Sutter’s Hill/House/Café

City Desk IconWith the official arrival of May Day, the crossroads of Spring and Summer, locals flock out to enjoy Sutter’s Hill. Located between two abandoned railway lines—reminders of the city’s competing railroad companies consolidated out of existence long ago—Sutter’s Hill is a steep man-made mount overlooking the beautiful vista of a small man-made “lake” (though, a more accurate term would be pond), a field of soft grass, and a lone pear tree that bears no fruit.

The history of Sutter’s Hill began in the early 1920s, when aluminum heiress Honey Sutter commissioned one of the country’s first multi-story underground homes. Decked out in the finest appointments on the inside, the exterior was hidden by a truck-fleet’s worth of soil, halfway up to the fifth floor. When, in her characteristically impulsive manner, she decided to abandon the city in 1943 to join an air circus, she left the house to the municipality, lock, stock and barrel.

In a rare episode of foresight, then-Mayor Dalton Worth elected to turn the whole thing into a park. To this day, the bottom four floors are closed and sealed, completely buried under what has ever since been called Sutter’s Hill. In the winter, it serves as one of the city’s best (and steepest) sledding/snowboarding hills, in warmer times as a wonderful lookout spot and place for romantic encounters.

The fifth floor of the house is kept in pristine condition by the collaborative efforts of the Preservation Society and the Historical Property Rights Commission.
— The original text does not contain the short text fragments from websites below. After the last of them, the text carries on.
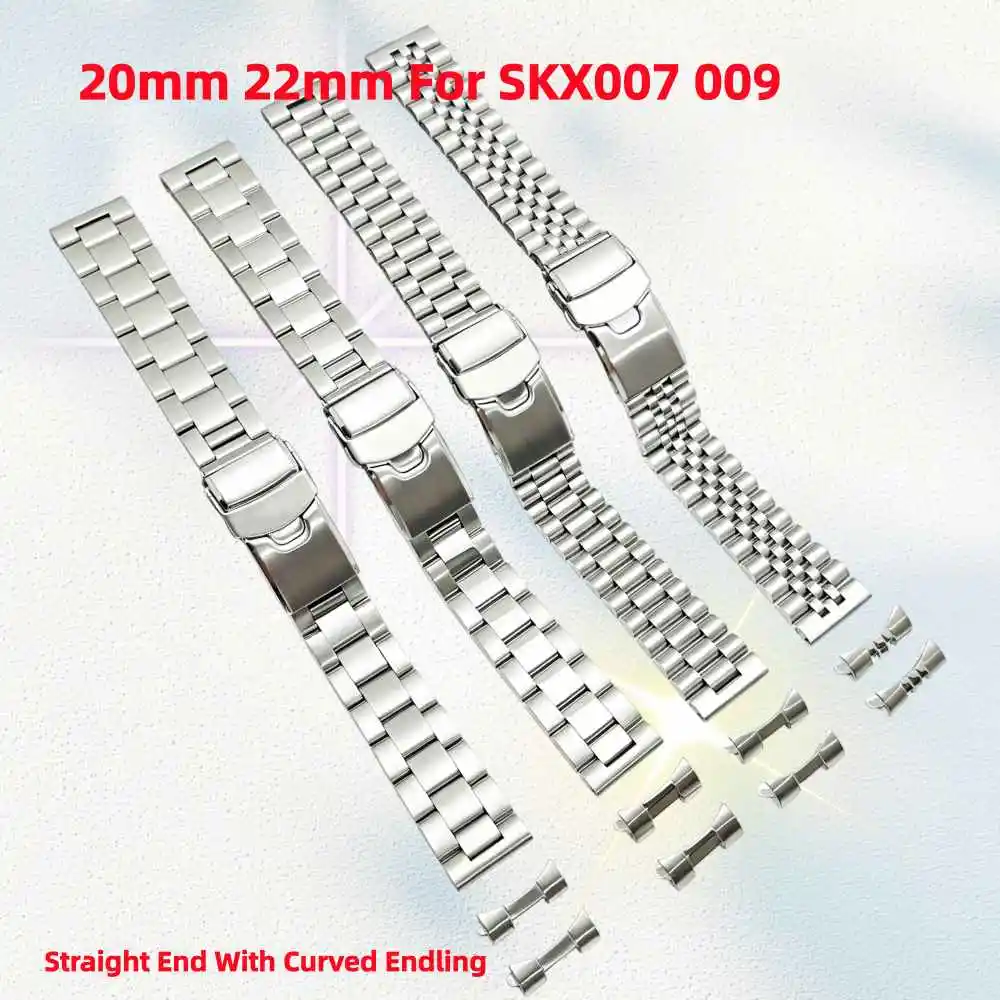 Jubiele 20mm 22mm SKX007 Stainless Steel Silver President straight Curved End Oyster Watch Strap Band Fits for SKX007 009 Watch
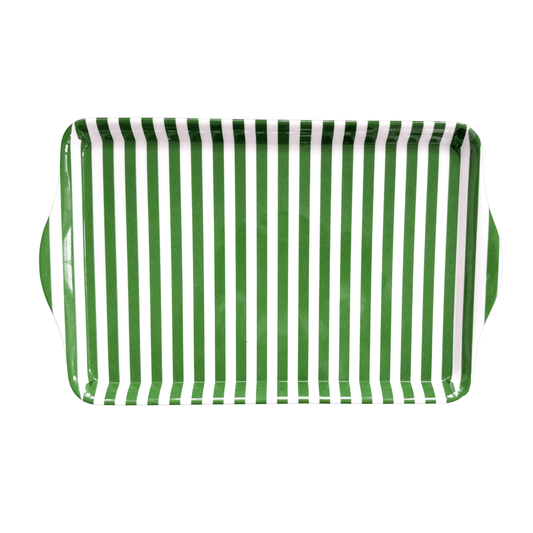 15" Large Green Stripe Melamine Serving Tray with Handles - Armand’s Maison & Marché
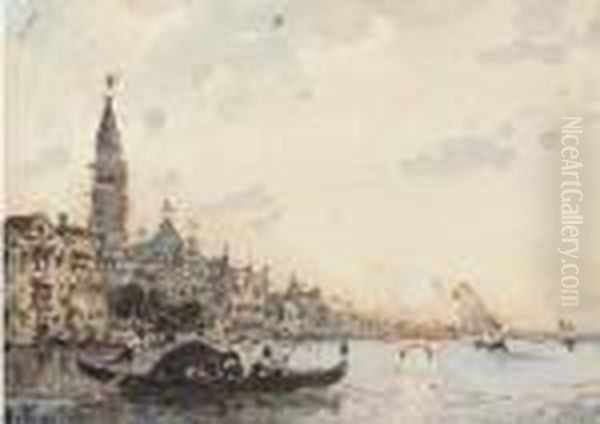 Vue De Venise Oil Painting by Amedee Rosier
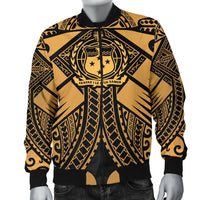 Samoa Polynesian Men's Bomber Jacket - Samoa Gold Seal with Polynesian Tattoo - Polynesian Pride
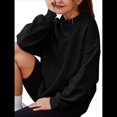 thumbnail image 2 of Sudaderas de Gran Tamaño para Mujer, Jersey de Cuello Alto, Sudaderas con Capucha de Larga, Tops, Conjuntos de Moda de Otoño, Ropa. Negro L, 2 of 8
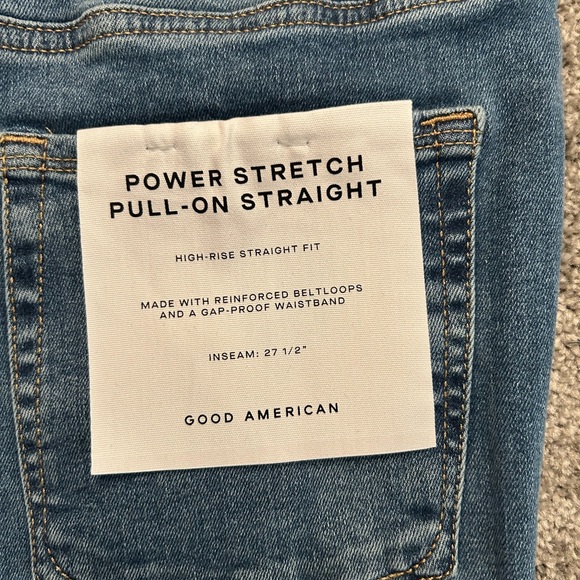 NWT Good American Power Stretch Pull-On Straight Jeans. Size Medium - Picture 5 of 9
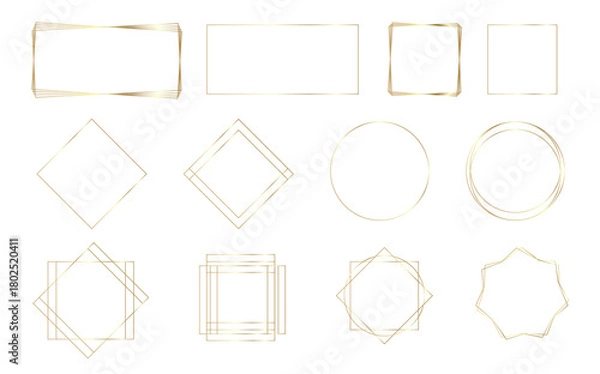 Fototapeta Gold geometric frames collection vector illustration
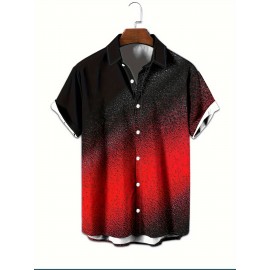 Men's Casual Short Sleeve Shirt with 3D Geometric Print - Polyester, Machine Washable, Non-Stretch Fabric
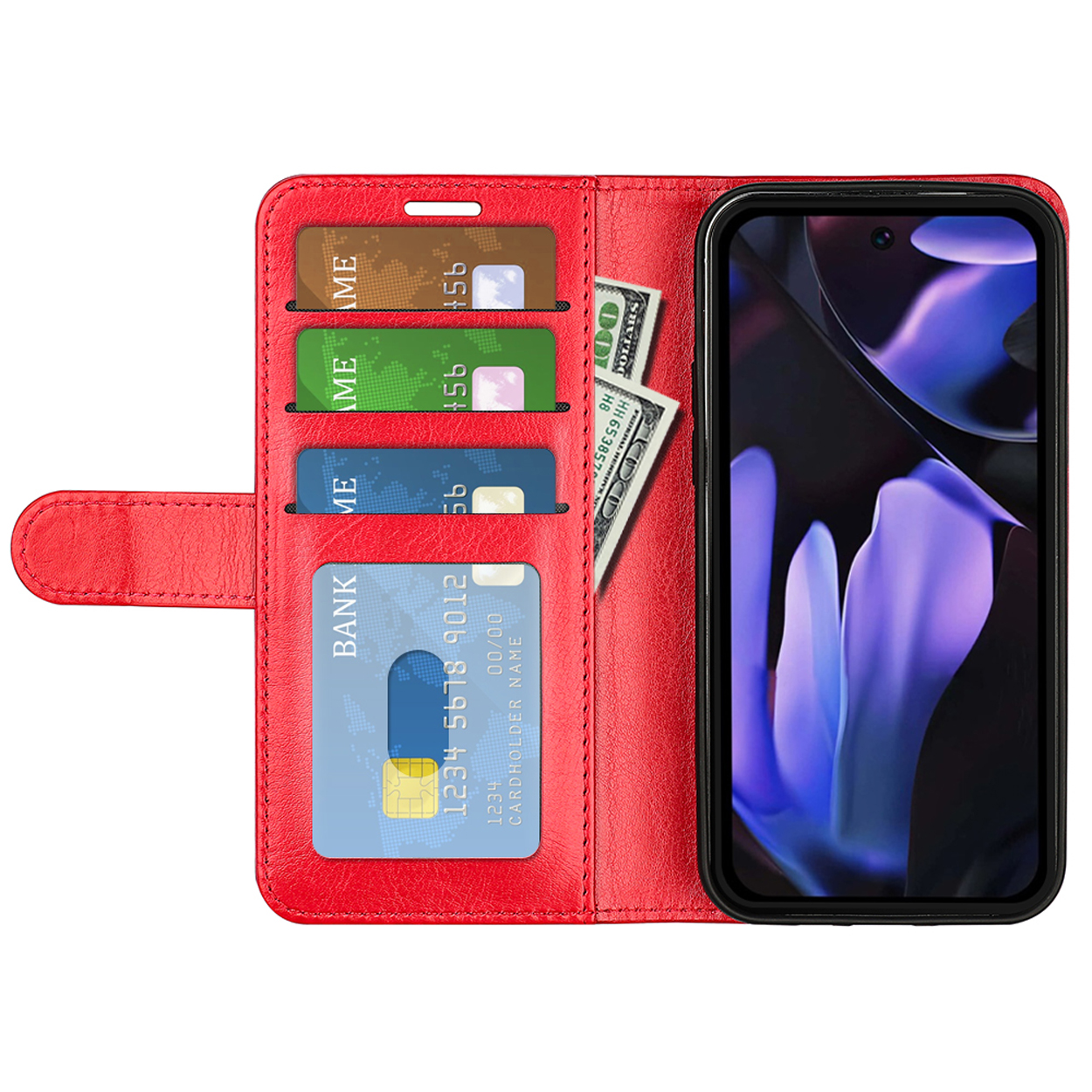 Rode telefoonhoes geopend om telefoon, kaarten en contant geld weer te geven. De telefoon heeft een paarse achtergrond.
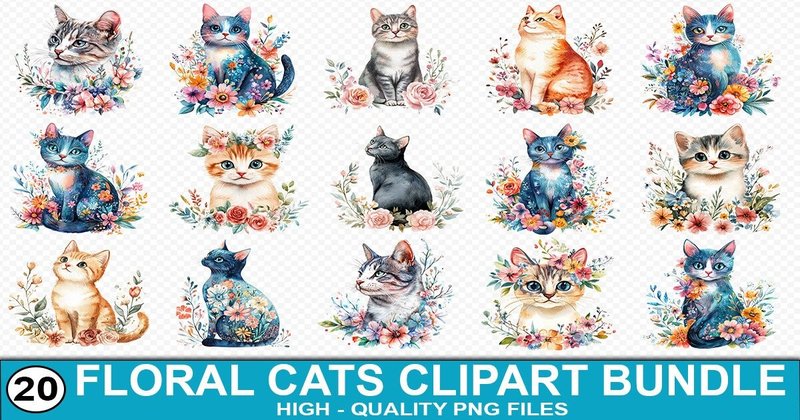 Watercolor Floral Cat Clipart Bundle (by SVG Print design)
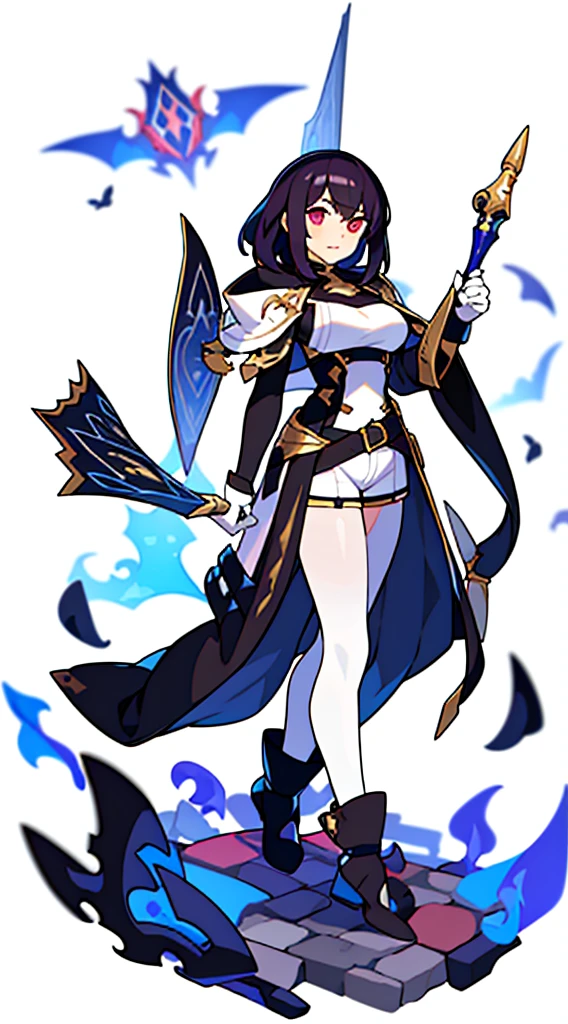 reference sheet, solo woman, exorcist, (((blurry background, white background))), character focus, fantasy clothes, standing, full body, shorts, holding weapon,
There are eight rooms in all, some furnished with teak four-poster beds or replica antique vases and faux-cubist paintings. The pseudo-museum also includes a small cafeteria and bakery, in the former upper ballroom and two guest bedrooms.

If you are not too sensitive, your feelings not too tender, the cafe’s sharp-tongued and all-business cooks offer fine delights, including the standard fare of cakes, cookies, kugel and one of the best rice puddings in the country, as declared by Rachel Ray on her traveling food program, $40 a Day (The pudding is $1.50/slab, and rated by the host as “Mmmmph, oh gawd!”).

An oil painting of Ms. Sutter (tragically killed in an airplane crash in 1943) hangs behind the cash register in the cafe. Honey gazes lovingly at the viewer in nothing but a white shirt, her shoulders bathed in her golden curls.